XML, XSL and TeX: Room for Cooperation

Michel Goossens and Sebastian Rahtz

For the full presentation, click here.

ABSTRACT

This presentation will describe how the immensely stable, sophisticated and free TeX typesetting system can be used for high-quality batch formatting of XML documents. We will briefly cover the `traditional' ways of converting XML to TeX, but the main part of the talk will be about using LaTeX to process XSL formatting objects. We will also comment on the issues surrounding conversion of legacy LaTeX documents to XML

The XML/XSL/LaTeX formatting system works by applying a full XSL style sheet to an XML document, and then running TeX on the resulting XML file. The TeX setup is in two parts. Firstly, there a generic package to configure TeX to recognise < > and so on, and to process attributes. Secondly, there is a package to instantiate the ``fo:'' XSL entities and handle their characteristics. Parsing UTF8 input also requires special handling.

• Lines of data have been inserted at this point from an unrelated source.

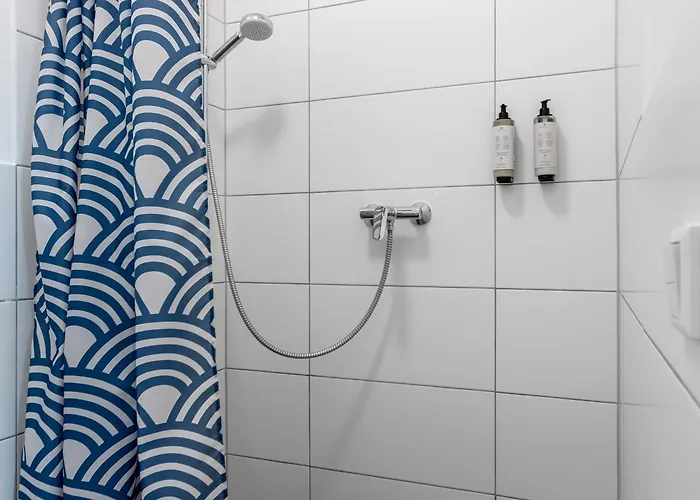 Schicke Mit Direkter Innenstadtlage Apartment Bingen am Rhein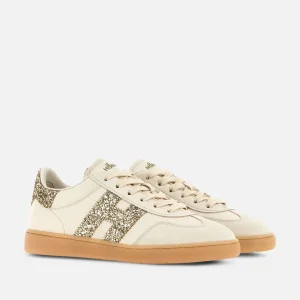 Hogan Cool – Avorio-Oro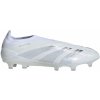 adidas | PREDATOR ELITE LL FG | biela| 45,3 adidas | PREDATOR ELITE LL FG | biela| 45,3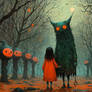 Key of the Lantern Kin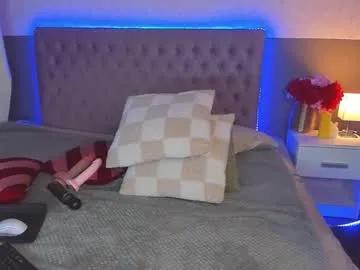 nathalystars on Chaturbate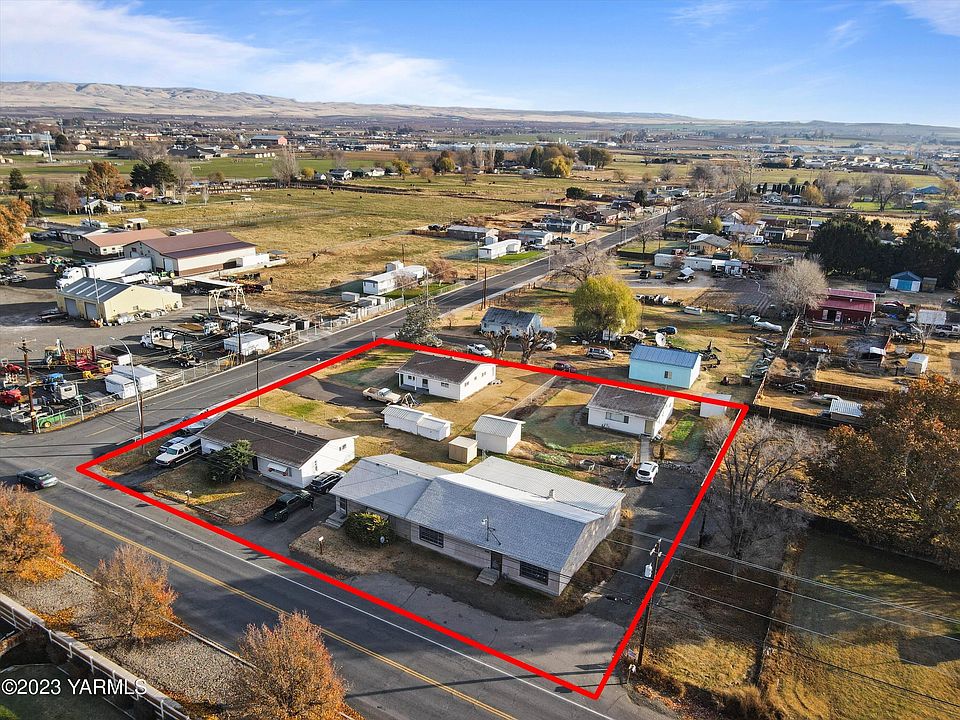 1608 Sunnyside Mabton Rd, Sunnyside, WA 98944 Zillow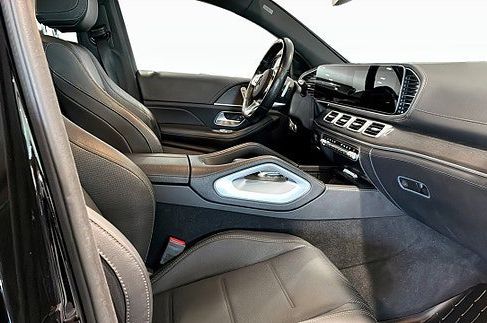 Mercedes-Benz GLE 350, 2023
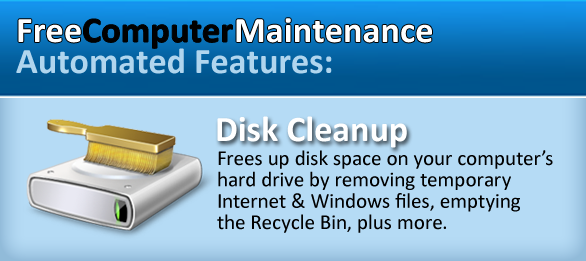 Kích hoạt Disk Cleanup Utility trên Windows Server 2012 thật dễ [HOT]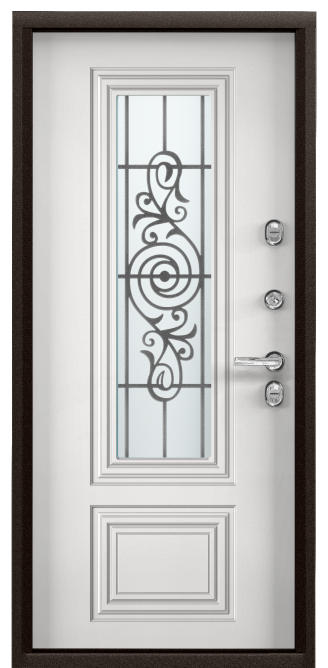 Белый (арт. КТ Белый) в Сыктывкаре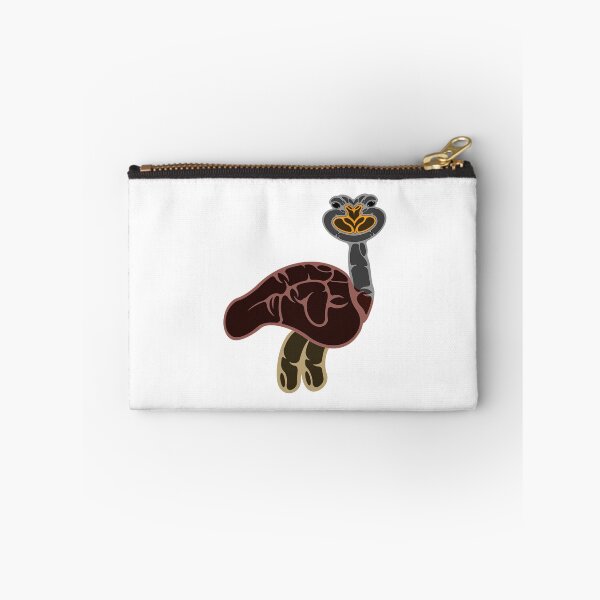 Item preview, Color ostrich designed and sold by Allhandsgraphics.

Although this work only handles a subset of XSL formatting objects so far, we will show that it is robust and reasonably fast; we will discuss the features of TeX (including direct PDF generation) that make it a good candidate for the task.

Personal Notes: Sebastian Rahtz (sebastian.rahtz@oucs.ox.ac.uk) and Michel Goossens (m.goossens@cern.ch) are technical documentation specialists at, respectively, Oxford University Computing Services and the European Particle Physics Laboratory, CERN. They have been heavily involved in TeX for over a decade, and have published widely on LaTeX. They are particularly concerned with the use of SGML/XML for technical and scientific publication.